(Beginning of Provided material)

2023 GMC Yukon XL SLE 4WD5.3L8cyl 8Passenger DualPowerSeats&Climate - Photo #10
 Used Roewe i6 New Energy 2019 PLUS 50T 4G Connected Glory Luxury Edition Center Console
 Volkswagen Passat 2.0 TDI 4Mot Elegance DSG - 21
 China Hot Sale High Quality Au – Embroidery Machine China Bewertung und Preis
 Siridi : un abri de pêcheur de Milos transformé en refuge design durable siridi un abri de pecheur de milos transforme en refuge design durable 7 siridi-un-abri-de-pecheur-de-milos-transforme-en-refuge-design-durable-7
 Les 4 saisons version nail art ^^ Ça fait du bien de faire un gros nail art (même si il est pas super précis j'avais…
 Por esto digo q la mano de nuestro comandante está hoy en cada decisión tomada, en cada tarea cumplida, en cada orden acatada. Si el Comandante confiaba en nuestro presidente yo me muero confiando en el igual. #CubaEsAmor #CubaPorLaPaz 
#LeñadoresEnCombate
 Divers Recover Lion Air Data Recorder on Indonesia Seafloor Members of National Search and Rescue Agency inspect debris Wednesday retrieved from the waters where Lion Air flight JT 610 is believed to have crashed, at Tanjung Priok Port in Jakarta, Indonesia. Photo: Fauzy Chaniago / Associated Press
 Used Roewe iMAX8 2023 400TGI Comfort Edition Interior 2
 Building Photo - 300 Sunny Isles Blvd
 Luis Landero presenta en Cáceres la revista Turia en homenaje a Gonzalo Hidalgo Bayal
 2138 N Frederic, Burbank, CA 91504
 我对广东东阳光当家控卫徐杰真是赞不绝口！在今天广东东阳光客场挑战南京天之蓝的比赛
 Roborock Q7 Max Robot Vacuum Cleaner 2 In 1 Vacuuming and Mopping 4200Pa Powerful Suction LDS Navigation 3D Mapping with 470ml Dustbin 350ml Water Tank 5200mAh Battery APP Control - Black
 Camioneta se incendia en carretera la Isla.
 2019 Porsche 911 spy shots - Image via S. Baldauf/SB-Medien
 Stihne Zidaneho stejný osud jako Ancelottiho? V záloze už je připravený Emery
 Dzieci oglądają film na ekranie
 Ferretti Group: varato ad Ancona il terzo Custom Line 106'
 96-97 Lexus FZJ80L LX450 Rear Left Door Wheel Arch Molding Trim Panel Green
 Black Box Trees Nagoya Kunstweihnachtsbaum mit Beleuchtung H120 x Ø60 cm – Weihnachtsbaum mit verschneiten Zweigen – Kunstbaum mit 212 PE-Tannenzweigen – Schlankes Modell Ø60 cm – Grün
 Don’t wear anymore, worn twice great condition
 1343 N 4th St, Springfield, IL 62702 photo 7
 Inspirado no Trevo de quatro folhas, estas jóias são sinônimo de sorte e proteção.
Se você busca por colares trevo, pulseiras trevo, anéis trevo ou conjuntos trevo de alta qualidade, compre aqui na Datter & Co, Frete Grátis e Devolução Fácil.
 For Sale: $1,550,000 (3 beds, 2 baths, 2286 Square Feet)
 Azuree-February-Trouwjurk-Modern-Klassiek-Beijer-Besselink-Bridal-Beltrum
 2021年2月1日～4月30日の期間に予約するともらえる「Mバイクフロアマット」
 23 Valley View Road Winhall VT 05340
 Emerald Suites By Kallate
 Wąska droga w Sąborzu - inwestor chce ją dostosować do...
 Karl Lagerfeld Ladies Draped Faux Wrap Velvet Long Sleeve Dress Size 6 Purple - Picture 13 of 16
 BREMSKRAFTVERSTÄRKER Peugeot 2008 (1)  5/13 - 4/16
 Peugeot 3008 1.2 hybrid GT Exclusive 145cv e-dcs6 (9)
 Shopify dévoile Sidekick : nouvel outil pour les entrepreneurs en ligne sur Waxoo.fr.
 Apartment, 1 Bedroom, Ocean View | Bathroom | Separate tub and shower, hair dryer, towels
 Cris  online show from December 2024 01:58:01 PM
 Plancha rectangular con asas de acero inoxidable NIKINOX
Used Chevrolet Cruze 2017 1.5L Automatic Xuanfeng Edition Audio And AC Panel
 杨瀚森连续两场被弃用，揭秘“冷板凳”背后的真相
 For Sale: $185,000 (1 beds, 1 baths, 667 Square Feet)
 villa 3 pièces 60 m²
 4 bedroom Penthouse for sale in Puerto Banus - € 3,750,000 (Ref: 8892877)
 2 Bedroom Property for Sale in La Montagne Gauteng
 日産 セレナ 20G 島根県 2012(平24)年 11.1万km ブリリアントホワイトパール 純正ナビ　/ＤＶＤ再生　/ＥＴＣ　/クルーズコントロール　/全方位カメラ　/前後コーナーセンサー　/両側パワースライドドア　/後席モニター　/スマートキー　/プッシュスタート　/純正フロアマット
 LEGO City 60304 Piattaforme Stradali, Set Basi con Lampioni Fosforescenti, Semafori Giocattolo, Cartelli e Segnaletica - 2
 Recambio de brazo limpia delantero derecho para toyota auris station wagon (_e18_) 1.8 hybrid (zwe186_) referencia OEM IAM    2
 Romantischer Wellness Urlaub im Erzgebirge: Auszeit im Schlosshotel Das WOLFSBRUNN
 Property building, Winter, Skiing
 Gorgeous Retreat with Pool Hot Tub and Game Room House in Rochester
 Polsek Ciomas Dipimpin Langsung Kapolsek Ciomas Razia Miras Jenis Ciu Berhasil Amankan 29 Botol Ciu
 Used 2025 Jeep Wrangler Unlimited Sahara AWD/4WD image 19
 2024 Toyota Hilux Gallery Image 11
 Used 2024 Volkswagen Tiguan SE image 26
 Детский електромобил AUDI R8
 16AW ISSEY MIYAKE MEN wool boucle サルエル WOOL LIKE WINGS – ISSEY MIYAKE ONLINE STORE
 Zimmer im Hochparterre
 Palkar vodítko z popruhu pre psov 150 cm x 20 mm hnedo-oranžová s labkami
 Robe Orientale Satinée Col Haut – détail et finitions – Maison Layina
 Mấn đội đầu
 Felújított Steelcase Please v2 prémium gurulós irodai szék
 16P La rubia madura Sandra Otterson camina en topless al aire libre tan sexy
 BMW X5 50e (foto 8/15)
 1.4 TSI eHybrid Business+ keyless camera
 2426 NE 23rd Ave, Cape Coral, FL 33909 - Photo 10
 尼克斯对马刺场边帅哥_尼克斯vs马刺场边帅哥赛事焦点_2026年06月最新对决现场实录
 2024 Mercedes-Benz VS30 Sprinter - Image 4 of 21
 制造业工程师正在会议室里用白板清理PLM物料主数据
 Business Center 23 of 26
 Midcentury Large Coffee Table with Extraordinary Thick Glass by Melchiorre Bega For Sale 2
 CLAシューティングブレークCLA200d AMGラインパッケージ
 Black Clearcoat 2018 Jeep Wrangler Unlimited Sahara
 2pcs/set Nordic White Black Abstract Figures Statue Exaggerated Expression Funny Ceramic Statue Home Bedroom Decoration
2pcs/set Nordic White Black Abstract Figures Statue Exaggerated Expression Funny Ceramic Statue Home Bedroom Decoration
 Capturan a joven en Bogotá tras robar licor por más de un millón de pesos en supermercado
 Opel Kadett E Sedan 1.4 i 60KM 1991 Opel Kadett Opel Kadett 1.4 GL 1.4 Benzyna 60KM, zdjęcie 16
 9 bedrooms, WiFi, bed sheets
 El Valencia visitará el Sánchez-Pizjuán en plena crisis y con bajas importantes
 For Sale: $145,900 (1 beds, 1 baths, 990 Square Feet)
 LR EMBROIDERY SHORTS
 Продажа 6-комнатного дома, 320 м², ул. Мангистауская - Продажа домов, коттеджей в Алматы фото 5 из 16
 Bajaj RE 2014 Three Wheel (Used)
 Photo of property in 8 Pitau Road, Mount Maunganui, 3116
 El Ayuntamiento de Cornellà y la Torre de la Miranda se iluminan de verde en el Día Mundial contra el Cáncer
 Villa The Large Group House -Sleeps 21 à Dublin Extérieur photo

(End of Provided material)

# Problem statement
Only the lines above starting at the line that holds "96-97 Lexus FZJ80L" and ending at the line that holds "2024 01:58:01 PM" are to be repeated, exactly and in full.

# Written reply
 96-97 Lexus FZJ80L LX450 Rear Left Door Wheel Arch Molding Trim Panel Green
 Black Box Trees Nagoya Kunstweihnachtsbaum mit Beleuchtung H120 x Ø60 cm – Weihnachtsbaum mit verschneiten Zweigen – Kunstbaum mit 212 PE-Tannenzweigen – Schlankes Modell Ø60 cm – Grün
 Don’t wear anymore, worn twice great condition
 1343 N 4th St, Springfield, IL 62702 photo 7
 Inspirado no Trevo de quatro folhas, estas jóias são sinônimo de sorte e proteção.
Se você busca por colares trevo, pulseiras trevo, anéis trevo ou conjuntos trevo de alta qualidade, compre aqui na Datter & Co, Frete Grátis e Devolução Fácil.
 For Sale: $1,550,000 (3 beds, 2 baths, 2286 Square Feet)
 Azuree-February-Trouwjurk-Modern-Klassiek-Beijer-Besselink-Bridal-Beltrum
 2021年2月1日～4月30日の期間に予約するともらえる「Mバイクフロアマット」
 23 Valley View Road Winhall VT 05340
 Emerald Suites By Kallate
 Wąska droga w Sąborzu - inwestor chce ją dostosować do...
 Karl Lagerfeld Ladies Draped Faux Wrap Velvet Long Sleeve Dress Size 6 Purple - Picture 13 of 16
 BREMSKRAFTVERSTÄRKER Peugeot 2008 (1)  5/13 - 4/16
 Peugeot 3008 1.2 hybrid GT Exclusive 145cv e-dcs6 (9)
 Shopify dévoile Sidekick : nouvel outil pour les entrepreneurs en ligne sur Waxoo.fr.
 Apartment, 1 Bedroom, Ocean View | Bathroom | Separate tub and shower, hair dryer, towels
 Cris  online show from December 2024 01:58:01 PM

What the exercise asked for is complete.